Is Tocchet exclusively to blame here? Not really. There’s definitely blood on Danny Briere’s hands for his questionable roster construction and hiring a coach that doesn’t really seem to fit the idea he had in mind when he signed half the roster to long-term deals. But, Tocchet definitely feels like the more immediate barrier between the Flyers and success… or whatever level it is the Flyers could max out at today.
If the 2025-26 season doesn’t get back on track after the Olympic break, will the Flyers fire the coach after one season?
The answer is probably not.
If they fire him they essentially admit they screwed up hiring him, which is a PR nightmare that this front office tries to avoid at all costs. Even if it is the right move, the perception would be that they had no idea what they were doing in the first place and that is something they try avoid. It’s a very state propaganda way to run a hockey team, something that really took hold during the Chuck Fletcher era and hasn’t left during Briere’s run, but, hey, who needs to do the actual right thing when they could just pretend they’re doing the right thing?

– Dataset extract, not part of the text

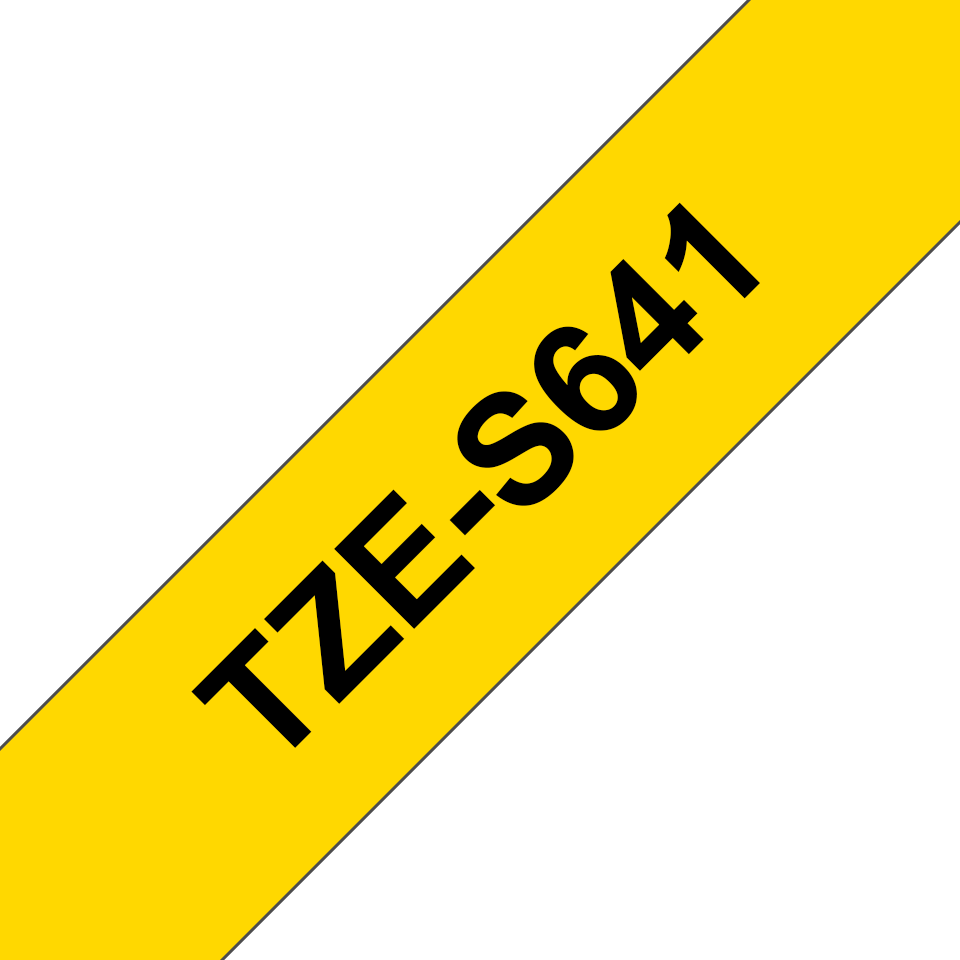 Brother Schriftband extra stark klebend TZe-S641 / TZES641, schwarz auf gelb, 18 mm x 8 m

Tocchet also has four remaining years on his contract. Even though they’d have no real problem eating that if they wanted to because it falls on the business side and not the salary cap side, historically they choose not to let that kind of money sit in no man’s land. They’d rather pay Tocchet to drive the train off the rail rather than pay him not to. That is certainly a choice.

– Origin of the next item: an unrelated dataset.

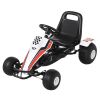 Pedal Go Kart Ride-On Car for Kids | Adjustable Seat – White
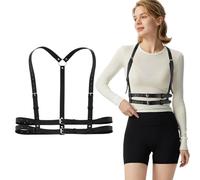 FUIPVGI Cinturón punk, cadena de pecho para el cuerpo, cinturón de arnés de cintura punk, cinturón de cintura ajustable, cinturón de corsé, cinturones de cuero punk para mujeres y niñas, Halloween,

Though if they keep him, particularly if the 2026 offseason ends up being disappointing, and they go into the 2026-27 season and have similar lackluster on-ice results, then they drift into Ron Hextall/Dave Hakstol territory where Briere may seal his own fate for not cutting ties with the coach.
The pot is already starting to boil. The clock is starting to tick. Fans are already pissed off. If they end this season on a low note and next season is just more of the same, this time next year there may be a new GM in Philly. The easiest thing Briere can do to save his own ass is to fire Tocchet. Choosing to keep him could be the death knell for the entire front office regime. The ball is very much in Briere’s court to admit they made a mistake and fire Rick Tocchet before the rising angst gets any further out of control. If he doesn’t, whatever comes next is fully deserved.